↓↓↓
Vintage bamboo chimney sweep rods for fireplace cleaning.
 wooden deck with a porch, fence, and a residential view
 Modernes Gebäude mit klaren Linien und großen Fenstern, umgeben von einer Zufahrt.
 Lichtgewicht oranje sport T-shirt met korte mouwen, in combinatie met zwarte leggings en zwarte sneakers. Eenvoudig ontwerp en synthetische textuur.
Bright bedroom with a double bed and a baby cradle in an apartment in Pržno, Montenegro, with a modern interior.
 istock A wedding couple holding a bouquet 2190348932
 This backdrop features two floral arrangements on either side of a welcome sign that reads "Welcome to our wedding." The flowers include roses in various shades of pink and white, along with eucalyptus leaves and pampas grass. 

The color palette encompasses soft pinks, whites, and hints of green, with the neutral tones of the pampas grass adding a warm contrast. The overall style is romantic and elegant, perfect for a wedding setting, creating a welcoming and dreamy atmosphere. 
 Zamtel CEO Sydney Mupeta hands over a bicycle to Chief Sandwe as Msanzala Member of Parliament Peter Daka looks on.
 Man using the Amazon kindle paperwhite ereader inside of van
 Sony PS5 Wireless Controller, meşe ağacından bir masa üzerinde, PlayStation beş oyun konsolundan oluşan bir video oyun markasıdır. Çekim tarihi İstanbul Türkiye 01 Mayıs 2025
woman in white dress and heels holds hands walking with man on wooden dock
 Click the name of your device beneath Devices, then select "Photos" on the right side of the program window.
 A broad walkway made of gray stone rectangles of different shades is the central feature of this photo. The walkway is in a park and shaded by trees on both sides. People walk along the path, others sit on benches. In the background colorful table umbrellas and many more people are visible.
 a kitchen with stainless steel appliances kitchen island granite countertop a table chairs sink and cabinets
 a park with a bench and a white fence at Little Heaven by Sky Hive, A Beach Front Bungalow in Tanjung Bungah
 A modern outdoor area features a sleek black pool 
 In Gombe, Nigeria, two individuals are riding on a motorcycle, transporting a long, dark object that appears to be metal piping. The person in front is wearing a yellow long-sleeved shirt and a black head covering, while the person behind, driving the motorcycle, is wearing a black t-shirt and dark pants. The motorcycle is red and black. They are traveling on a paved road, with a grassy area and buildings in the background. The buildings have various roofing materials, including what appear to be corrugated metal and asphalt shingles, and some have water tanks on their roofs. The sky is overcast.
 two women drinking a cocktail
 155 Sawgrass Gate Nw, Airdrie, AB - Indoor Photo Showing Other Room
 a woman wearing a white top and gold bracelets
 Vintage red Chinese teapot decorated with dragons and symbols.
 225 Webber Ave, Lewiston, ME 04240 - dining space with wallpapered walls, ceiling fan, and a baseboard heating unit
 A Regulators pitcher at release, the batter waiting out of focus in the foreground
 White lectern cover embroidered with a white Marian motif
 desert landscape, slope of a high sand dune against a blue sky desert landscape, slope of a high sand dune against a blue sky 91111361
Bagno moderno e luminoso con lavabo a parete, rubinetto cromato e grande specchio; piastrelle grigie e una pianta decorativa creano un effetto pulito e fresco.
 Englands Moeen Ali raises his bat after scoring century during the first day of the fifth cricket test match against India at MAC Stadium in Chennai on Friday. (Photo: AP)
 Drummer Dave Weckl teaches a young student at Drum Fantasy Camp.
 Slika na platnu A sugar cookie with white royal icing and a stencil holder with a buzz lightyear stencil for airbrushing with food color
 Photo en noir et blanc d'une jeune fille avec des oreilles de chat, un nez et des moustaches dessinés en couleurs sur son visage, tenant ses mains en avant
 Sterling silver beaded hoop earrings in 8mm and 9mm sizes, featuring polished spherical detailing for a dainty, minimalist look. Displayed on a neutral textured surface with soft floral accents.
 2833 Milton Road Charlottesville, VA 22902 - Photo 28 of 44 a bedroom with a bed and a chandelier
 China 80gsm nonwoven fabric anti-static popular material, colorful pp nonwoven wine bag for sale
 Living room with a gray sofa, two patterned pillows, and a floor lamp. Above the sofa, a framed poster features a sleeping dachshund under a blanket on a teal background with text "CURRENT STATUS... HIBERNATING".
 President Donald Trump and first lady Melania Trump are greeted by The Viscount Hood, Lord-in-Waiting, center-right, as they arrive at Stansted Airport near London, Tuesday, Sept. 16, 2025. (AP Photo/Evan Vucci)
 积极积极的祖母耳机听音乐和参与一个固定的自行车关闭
↑↑↑
◆ **TASK GOAL**
Count how many lines in the data above hold the string "shirt", and give the number with no other words.

◆ **TASK OUTPUT**
2